Passei anos exilado no norte africano – onde reuni muito ouro, diga-se de passagem – e quando retornei ao território Grego com esperança de rever todas aquelas pessoas que um dia significaram algo para mim, tudo havia mudado brutalmente.

Soube que ele e Meg haviam se casado. Bastante previsível, eu diria. O que ninguém poderia prever é que disso surgiram três filhos. Fico feliz por eles, e nem me atrevo a dizer que sinto meu coração partido, pois jamais confessaria meus sentimentos e mesmo se um dia, forçosamente o fizesse, sei que jamais seria correspondido. Consigo até imaginar qual seria sua reação boba diante de tal fato, com o peito estufado em orgulho por ser o alvo da afeição de alguém, seguido quase que imediatamente da careta engraçada ao perceber que esse alguém seria eu.

Outras coisas também mudaram… Minha doce amiga Cyrene se foi… Xena se foi… (eu confesso que nao sei por quanto tempo)… Gabrielle está em algum lugar desse território extenso demais para um velhote como eu sair procurando. Eu soube que Salmoneus desistiu de ser um vendedor ambulante e resolveu gerenciar sua própria granja de codornas domésticas, o que provavelmente é muito mais seguro para um velhote da idade dele. Hercules ainda está por aí, estranhamente jovem, batendo em bandidos e ladrões. Honestamente nunca gostei dele. Moralidade demais. E por fim também ele, na tentativa de um último ato heróico de acordo com o que ouvi, também partiu.
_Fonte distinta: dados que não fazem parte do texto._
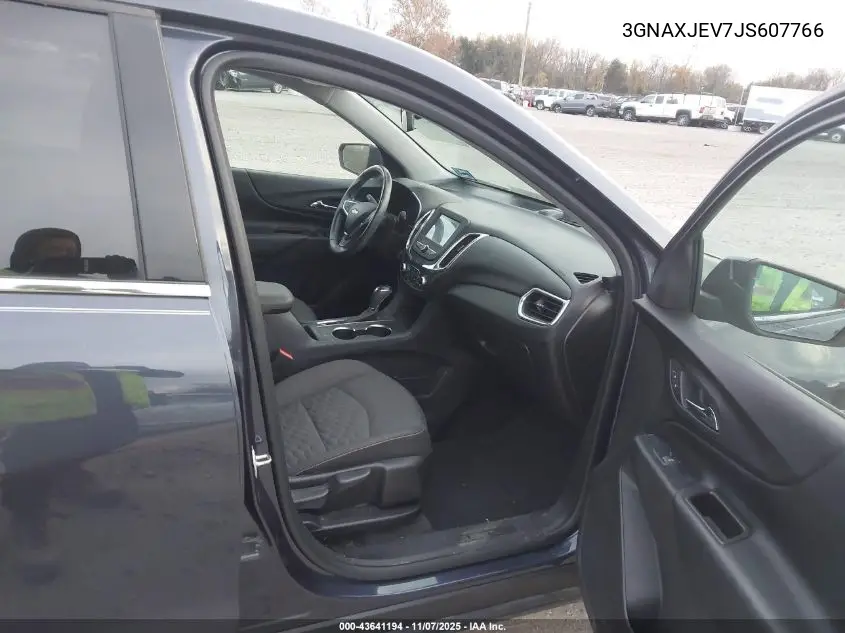 3GNAXJEV7JS607766 2018 Chevrolet Equinox Lt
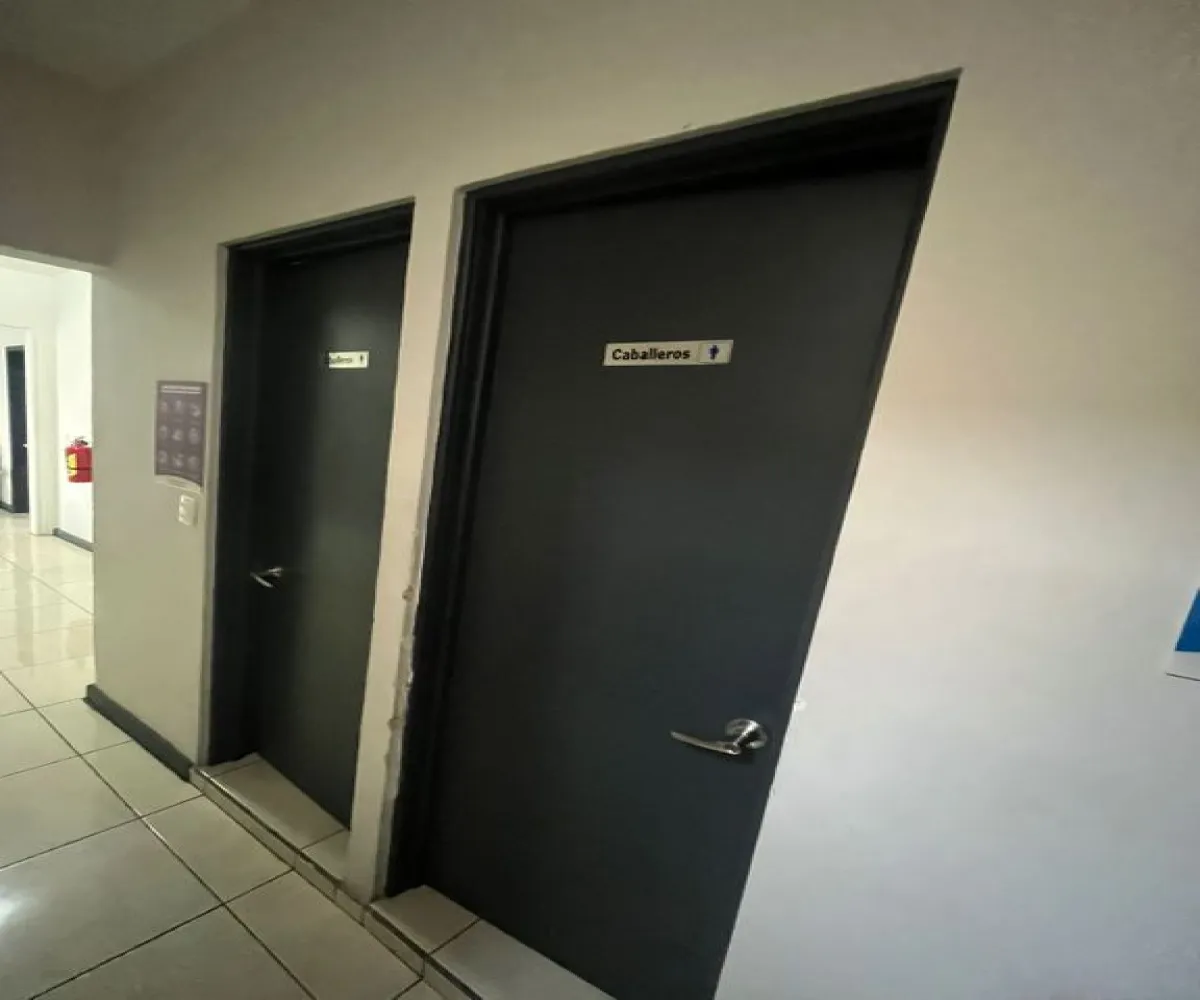 Casa En Venta,Moderna,Calle Francia 1551, Guadalajara, Jalisco 44190, 11 Habitaciones,2 Baños,Calle Francia,3,pscMWTE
A única coisa que não mudou e dificilmente mudará é esse sentimento platônico insistente que teima em se fazer presente. Quem sabe um dia, se eu topar com ele nos Campos Elíseos (será que eles ainda existem?), possamos finalmente falar sobre isso. Por hora, enquanto me resta vida nesse corpo cansado, me contento em saber que os mortos podem ouvir nossos pensamentos. Então, Joxer, meu eterno rapaz ingênuo com coração de leão, saiba que você cometeu o maior roubo de todos os tempos. Você conseguiu roubar o coração do Rei dos Ladrões.